計算機上で完結する「売価還元法」の計算方法

 要は、「売価還元法」の計算というのは、分子を分母で割る「分数」の計算です。

 割るためには、その「割るためのものを、先に計算しておかないといけない」わけで、ここに、「コツ」めいたものがあります。

 「売価還元法」を計算機上だけでやるには、まずは、割る方の分母から計算します。

 分母の売価部分「800+17,075+2000-500=19,375」を入力、計算します。

 ここで、「M+」を押して、計算結果「19,375」をメモリに「保存」します。

 

 わたしのシャープの計算機では、「M+」を押すと液晶に「M」表示されます。

 次いで、分子部分の計算「500+15,000=15,500」を行います。

 

 そして、「÷」キーを押し、「割る数字は何だ?」と計算機から言われるので…

 

 「RM」を押して、メモリに保存した「19,375」を呼び出す、ってな塩梅です。

 最後に「=」キーを押すと、計算結果の「0.8」が液晶に出現しています。

 

 このように計算機を操作すると、一度もメモすることなく、原価率を求めることができるのでした。

売価還元法の計算のまとめ

 まず、分母の方を先に求めるのが、“計算機流”。

 売価である分母部分を計算し、計算結果を「M+」。

 次に、原価である分子部分を計算し、「÷」。

 メモリに保存された数字を「RM」で呼び出し。

 ってな塩梅でした。

 「計算機(電卓)上で完結する打ち方」だとメモの手間がなくなるのが一番のメリットかと思います。“楽”なので、10回ほどやれば、自然とできるようになります。断然に、圧倒的に楽です。

 是非とも、売価還元法は、上述のように打ちましょう。要らぬ手間が「省力」できた分、ミスも減るはずです。

おまけ-売価還元法の絶対的事項

 蛇足ながら、試験対策を一言。

 売価還元法が出てきたら、必ず、問題文や設問の中に、「売上値引」「売上割戻」「売上戻し(返品とだけ指摘されることも。)、「売上割引」がないかを、目を皿にして調べます。

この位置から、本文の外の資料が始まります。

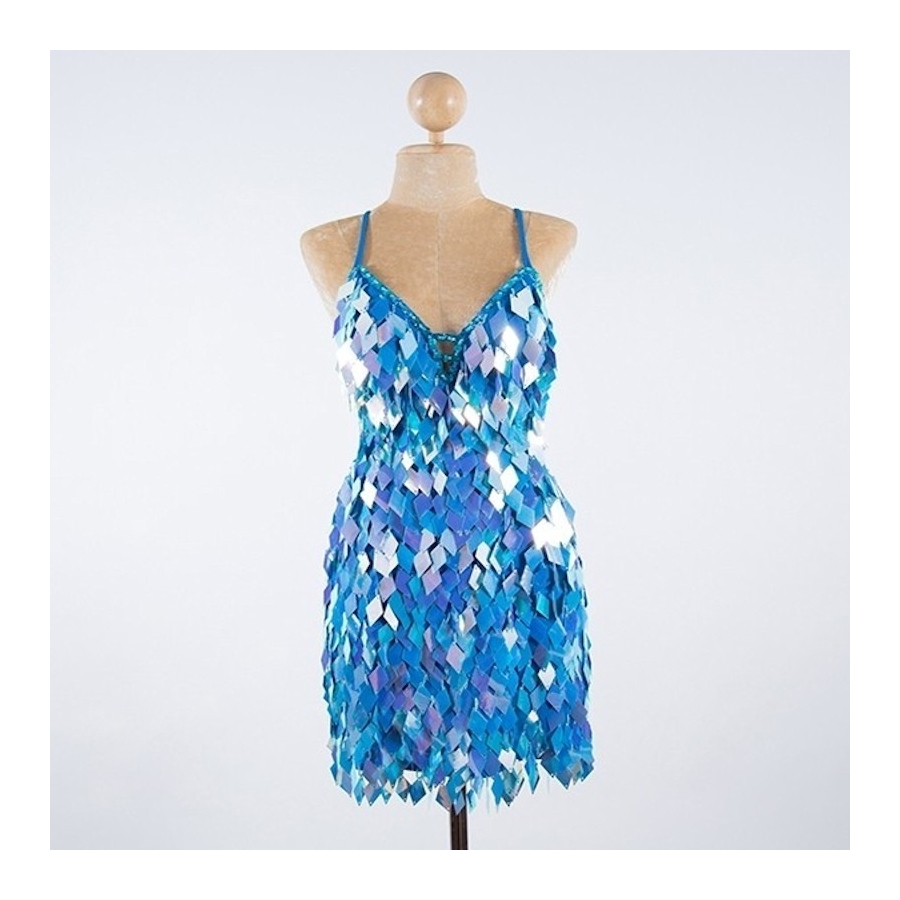 Aqua Blue Low Back Diamond Cut Sequin Dress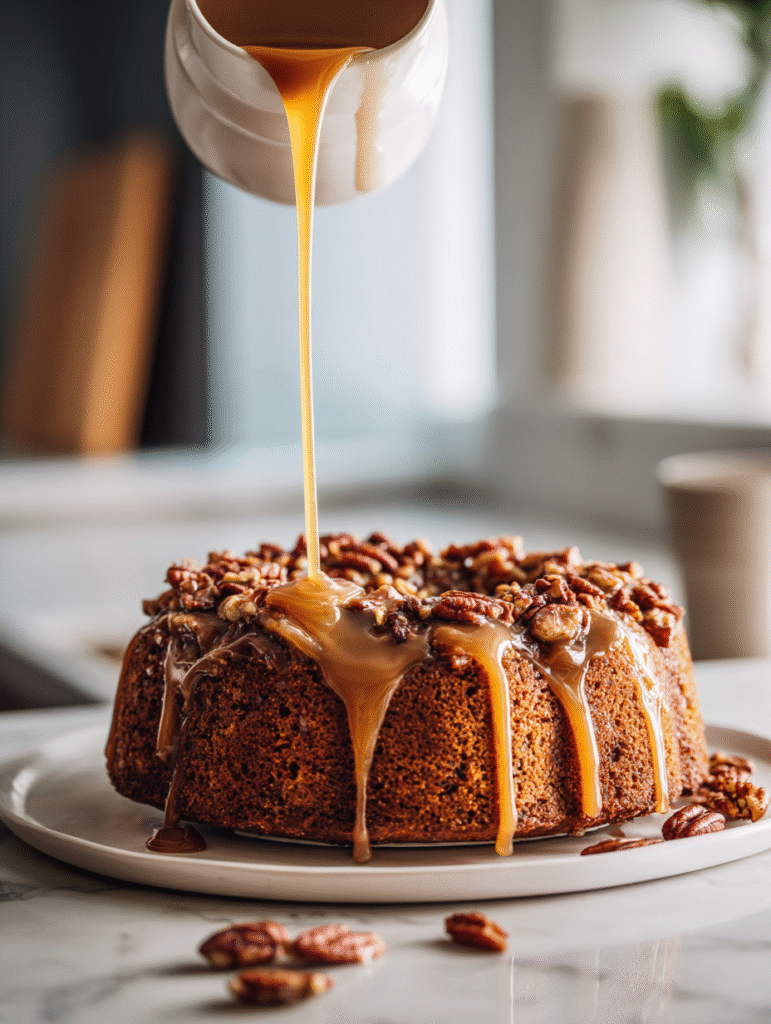 Apple pecan cake with caramel glaze served 
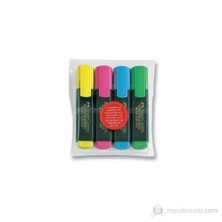 Faber-Castell Fosforlu Kalem 4'lü Poşet Renkli Çizim ve İşaretleme İçin 5, 2, 1 mm Ölçüler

 出題者側からすると、「売価還元法」を出題する理由は、上記4つを絡めて受験生を引っかけるため・ミスを誘導するためです。

 売価還元法が出題されたら、ほぼ間違いなく、上記4つを絡めて「原価計算上の売上高」と「P/Lの売上高」を求めてくるでしょう。

 いやらしい問題としては、「売上高は、売上割引○○円控除後の金額である。売上戻し○○円控除後の金額である。あと、売上割戻が○○円あったことが判明した。」などと、混乱極まりない文言を出してきます。

 ほんと、ついうっかりして、間違ってしまうところなので、しっかり!と個々の処理の仕方を見ていってください。

 先のいやらしいアレは、「売上割引」は控除してはいけないので、その分を戻します。原価計算、P/L売上高ともに、加算します。

 「売上戻し」要は返品は、そもそもその取引自体がなかったことになるので、原価計算上もP/L売上高上も控除します。当該ケースでは“控除済み”なので、いじりません。修正すべきことはありません。

 「売上割戻」が判明とあるので、売上高からは控除しますが、原価計算上は控除しません。

 あーややこしい。そら、間違うよ。しかも、一時できても、時間が経つと記憶が混同し始めて、まちがっちゃうってな次第です。そら、間違う。

 受験生用の「失点ほいほい」が当該「売価還元法」なので、出題者の姑息な罠に引っかからないようにしましょう。

 相手の手の内をよくよく読み取りましょう。